3.2. Effect of the Electrolyte on the Chemical Composition and Electronic Properties of the Passive Film

The effect of the electrolytes on the chemical composition of the passive films formed on stainless steel was assessed using XPS. The results prove that the passive films on AISI 304 stainless steel are always composed of iron and chromium compounds. Figure 3 shows examples of the deconvolution carried out for the Cr 2p_3/2, Fe 2p_3/2, and O 1s peaks from the XPS spectra. The chromium peak (Figure 3a) was characterized by the presence of Cr(0) with a characteristic energy of 574.3 ± 0.2 eV, while Cr(III) as an oxide and Cr(III) as a hydroxide featured 576.4 ± 0.3 eV and 577.6 ± 0.2 eV, respectively [32]. The Fe 2p_3/2 ionization spectrum was deconvoluted into four different contributions (Figure 3b). These contributions were assigned to the presence of Fe(0) with energies of 707.0 ± 0.2 eV, Fe(II) with 710.3 ± 0.2 eV, Fe(III) with 711.4 ± 0.2 eV, and a satellite of Fe(II) with 715.0 ± 0.2 eV [33]. As previously reported, an accurate discrimination among Fe(III) contributions from oxides, hydroxides, or oxihydroxides is a very difficult task [34]. The oxygen peak (Figure 3c) was deconvoluted into three components. The first component (corresponding to Fe and/or Cr oxides) was positioned at 530.0 ± 0.2 eV, the second component (corresponding to Fe and/or Cr hydroxides) was positioned at 531.7 ± 0.2 eV, and the third component (related to adsorbed water [18]) was positioned at 533.0 ± 0.2 eV.

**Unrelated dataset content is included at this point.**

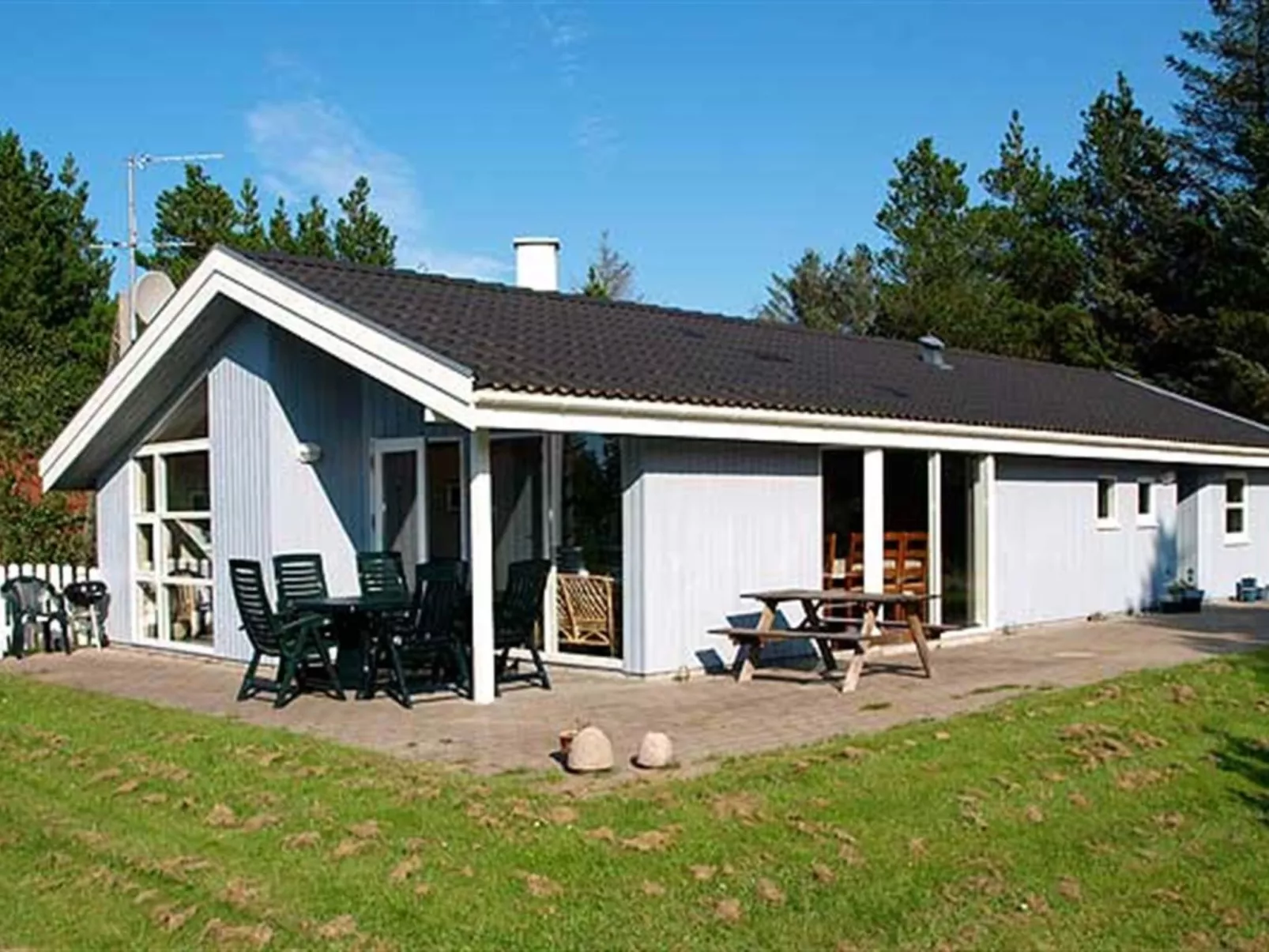 "Ane" - 800m from the sea-Outside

Some informative results obtained from the XPS analysis are plotted in Figure 4 and Figure 5. The results from the air-formed passive layer on the initial ground stainless-steel surface were compared to those obtained after 1 h of exposure at room temperature to three different 0.5% agar-based electrolytes (with 0.5% NaCl, with 50% glycerol and 0.5% NaCl, and with 50% glycerol and 1% KClO₄). The results obtained from the study of the passive layers formed in liquid electrolytes (0.5% NaCl and 1% KClO₄) were also included in the figures.

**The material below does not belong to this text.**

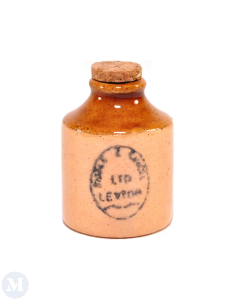 CP038 - Small Stone Printed Demijohn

Figure 4 shows the atomic ratio of the oxidized and elemental metals obtained from the areas of the Fe 2p and Cr 2p photoemission peaks from the passive layer. From this ratio, qualitative information related to the thickness of the passive layer can be worked out [2]. Obtained results suggest that the passive layers on surfaces in contact with the gel electrolytes presented relatively similar thicknesses, and were slightly thinner than the passive film corresponding to the initial steel. On the contrary, surfaces in contact with liquid electrolytes exhibited the thickest passive films. The thickness of the passive layer was especially high after being in contact with the NaCl liquid electrolyte. It seems that the oxide/hydroxide formation reactions were better promoted in liquid media when compared with the gels. This result could be related to the lower oxygen concentrations in the gels (Figure 2) that could limit the process of oxide formation on their surfaces.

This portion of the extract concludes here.